One day, almost 200 years ago, in Hartford, Connecticut, a little girl named Alice met a young man named Thomas. Their meeting triggered a chain of events that opened up the world in miraculous ways for multitudes of people.
Alice Cogswell was deaf, unable to hear since an illness at age two. Thomas Gallaudet had a heart for communicating across language barriers. When he met Alice, he sensed that an incredibly intelligent person was trapped behind a wall of silence, and he resolutely set out to find a way for her to break through that wall.
To accomplish this, Gallaudet sailed to Europe where he learned a new system of sign language developed by the deaf at a school in Paris. There he met a phenomenal young teacher named Laurent Clerc, who had also been deaf since childhood. Gallaudet convinced Clerc to return to the U.S. with him, and together they opened America’s first school for the deaf, of which Alice was the first pupil, and developed the language which would become American Sign Language.

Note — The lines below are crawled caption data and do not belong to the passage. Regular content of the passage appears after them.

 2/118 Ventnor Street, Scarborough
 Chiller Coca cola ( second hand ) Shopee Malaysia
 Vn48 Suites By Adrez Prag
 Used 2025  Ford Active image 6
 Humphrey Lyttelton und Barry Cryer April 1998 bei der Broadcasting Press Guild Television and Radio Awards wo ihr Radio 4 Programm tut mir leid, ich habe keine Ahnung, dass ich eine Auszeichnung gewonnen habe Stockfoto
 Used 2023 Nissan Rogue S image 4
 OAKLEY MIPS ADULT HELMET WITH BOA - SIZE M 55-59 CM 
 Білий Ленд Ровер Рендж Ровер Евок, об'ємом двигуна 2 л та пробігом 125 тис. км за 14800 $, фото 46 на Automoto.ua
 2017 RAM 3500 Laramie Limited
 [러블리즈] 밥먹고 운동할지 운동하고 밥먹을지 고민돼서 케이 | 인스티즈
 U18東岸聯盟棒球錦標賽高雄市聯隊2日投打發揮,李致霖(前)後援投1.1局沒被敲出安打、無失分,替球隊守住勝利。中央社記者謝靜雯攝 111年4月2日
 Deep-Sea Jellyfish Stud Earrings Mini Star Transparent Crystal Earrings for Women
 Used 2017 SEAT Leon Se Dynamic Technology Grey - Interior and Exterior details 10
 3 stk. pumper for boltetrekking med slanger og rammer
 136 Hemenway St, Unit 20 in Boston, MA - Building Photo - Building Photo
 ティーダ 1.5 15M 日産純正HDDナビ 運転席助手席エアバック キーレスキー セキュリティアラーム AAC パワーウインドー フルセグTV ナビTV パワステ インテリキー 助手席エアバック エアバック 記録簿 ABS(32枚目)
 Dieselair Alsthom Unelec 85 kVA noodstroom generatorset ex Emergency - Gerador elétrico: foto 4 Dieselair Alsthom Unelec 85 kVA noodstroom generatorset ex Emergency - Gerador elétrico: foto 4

Emily Arnold McCully has written this lovely story largely from Alice’s point of view — the sensitive perspective of an intelligent person who longed to learn, to read, to be understood, to express her thoughts. Thomas Gallaudet’s compassionate, insightful service to her felt like being “pulled from a kind of tomb.” Using Cogswell’s own letters to Gallaudet, McCully offers a fascinating glimpse into the need for a new language, and the two people who began that work.
As always, McCully’s artwork is superb. Her graceful lines and gorgeous watercolor work create a genteel, yet sunny, atmosphere. Handsome period clothing, architecture, and furnishings, set the account firmly in a Kate-Greenaway-esque world of the early 1800s.
This is such an interesting piece of history, as well as an inspiring story, well-told, and strikingly illustrated , for ages 5 and up.